Ecumenical Commemoration
Bishop of Rome, Missionary, & Doctor of the Church
March 12 · d. 604
Gregory the Great was the most important Bishop of Rome of the early medieval period — a man who shaped the papacy, the liturgy, pastoral theology, and the course of Western monasticism more profoundly than any pope between Leo I and the High Middle Ages. A Roman patrician who became a Benedictine monk and then was elected pope against his will, he governed the Church through plague, famine, and Lombard invasion with extraordinary administrative skill and pastoral concern. He sent Augustine to evangelize the English, reformed the Roman liturgy, wrote the Pastoral Rule that became the standard handbook for bishops for a millennium, and composed the Moralia in Job, the longest biblical commentary of the patristic era.
Gregory became venerated as a saint almost immediately after his death. His own writings—particularly the Dialogues—shaped hagiographic tradition of medieval West. Later vitae elaborate on his virtues, his miracles (particularly miraculous knowledge and spiritual visions), and his role as a model bishop and spiritual leader.
Gregory was born around 540 into one of the great Roman senatorial families. He served as Prefect of Rome — the city's chief civil official — before converting his family palace on the Caelian Hill into a monastery dedicated to St. Andrew and entering the monastic life around 574.
His contemplative retirement was short-lived. Pope Pelagius II appointed him one of the seven deacons of Rome and then sent him as apocrisiarius (papal ambassador) to Constantinople, where he served from 579 to 585. On his return, he resumed monastic life until Pelagius died during a plague in 590 and the clergy and people of Rome elected Gregory pope by acclamation.
Gregory accepted reluctantly — he genuinely mourned the loss of his monastic quiet — but governed with formidable energy. Rome was besieged by the Lombards, and Gregory effectively assumed civil as well as ecclesiastical authority, negotiating with the invaders, organizing food distribution, ransoming captives, and administering the vast papal estates across Italy and beyond.
His pastoral writings were enormously influential. The Regula Pastoralis (Pastoral Rule) described the duties and dangers of the episcopal office with such insight that Alfred the Great translated it into English and Charlemagne required every bishop to own a copy. His Dialogues, which included the only surviving biography of St. Benedict, popularized the Benedictine tradition throughout Europe. His Moralia in Job, a massive allegorical and moral commentary, was the most widely read biblical commentary of the Middle Ages.

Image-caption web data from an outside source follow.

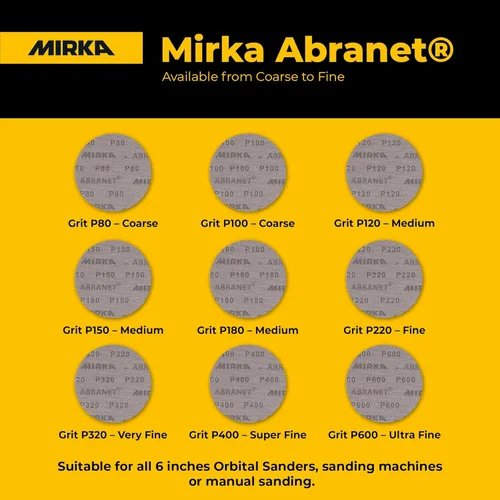 Vista 4 de Mirka Abranet - Discos de lijado orbitales de malla con gancho y bucle, lijado sin polvo, de larga duración y sin obstrucciones, ideal para madera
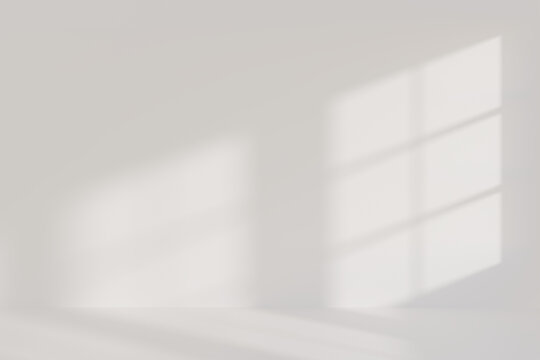 Minimalist empty room background with window shadow overlay on a white wall, sunlight on a floor template with copy space for product presentation. Sunlight with a shadow overlay effect. 3d render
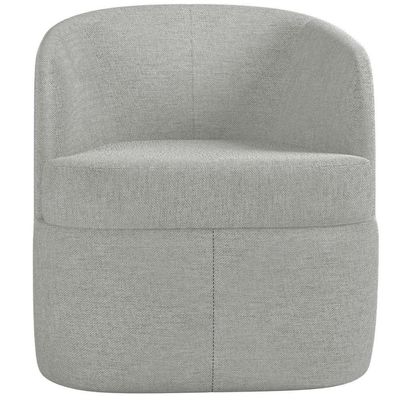 Poltrona Decorativa Giratória Para Sala De Estar Siena K01 Linho Cinza - Lyam Decor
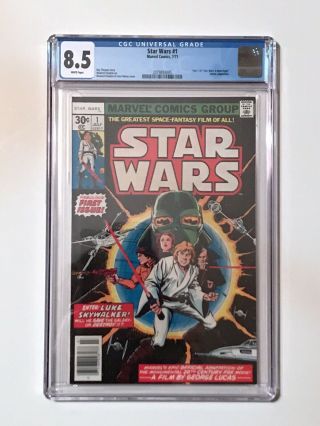 Star Wars Number 1 Comic Book 1977 First Print Cgc White Pages 8.  5.  Just Came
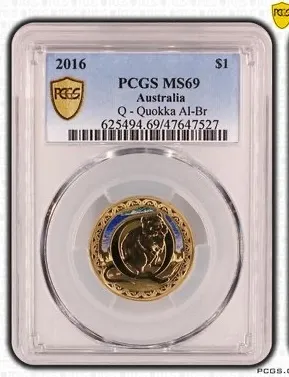 Lot 18 — 2016 $1 Alphabet Coin Collection Q - Quokka Al-Br MS69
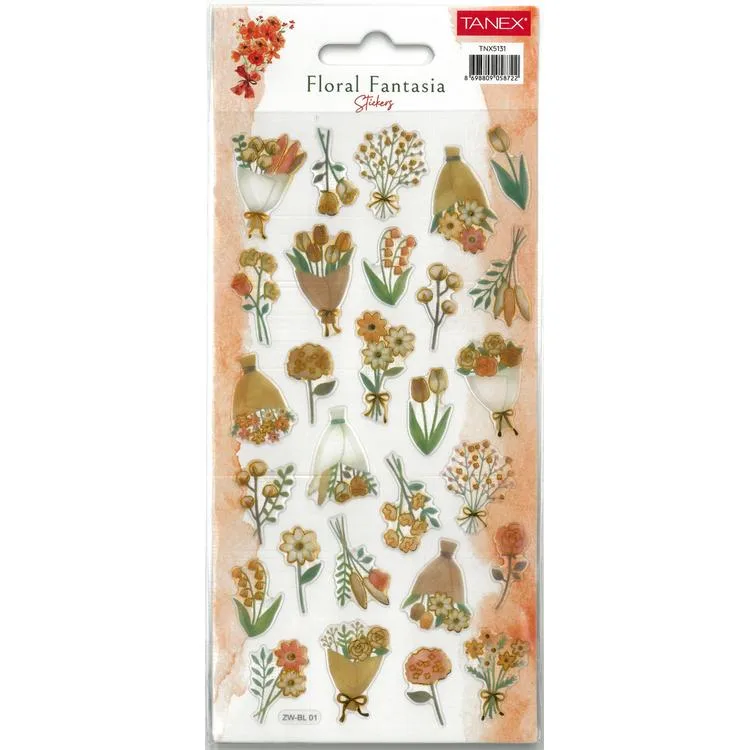 TANEX KIDS TNX-5131 DEKOTARİF ETİKETLER - KABARTMALI FLORAL FANTASIA 12 - 1 ADET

Gregory's decision to send Augustine and forty monks to evangelize the Anglo-Saxons in 596 was perhaps his most consequential act. He also reformed the Roman liturgy — though the extent of his role in what later became known as 'Gregorian chant' is debated — and maintained an enormous correspondence (over 850 letters survive) that reveals a mind of relentless practicality and pastoral warmth.
He died on March 12, 604, calling himself 'servant of the servants of God' — a title popes still use.
Almighty God, you gave your servant Gregory the Great special gifts of grace to understand and teach the truth revealed in Christ Jesus: Grant that by this teaching we may know you, the one true God, and Jesus Christ whom you have sent; who lives and reigns with you and the Holy Spirit, one God, for ever and ever. Amen.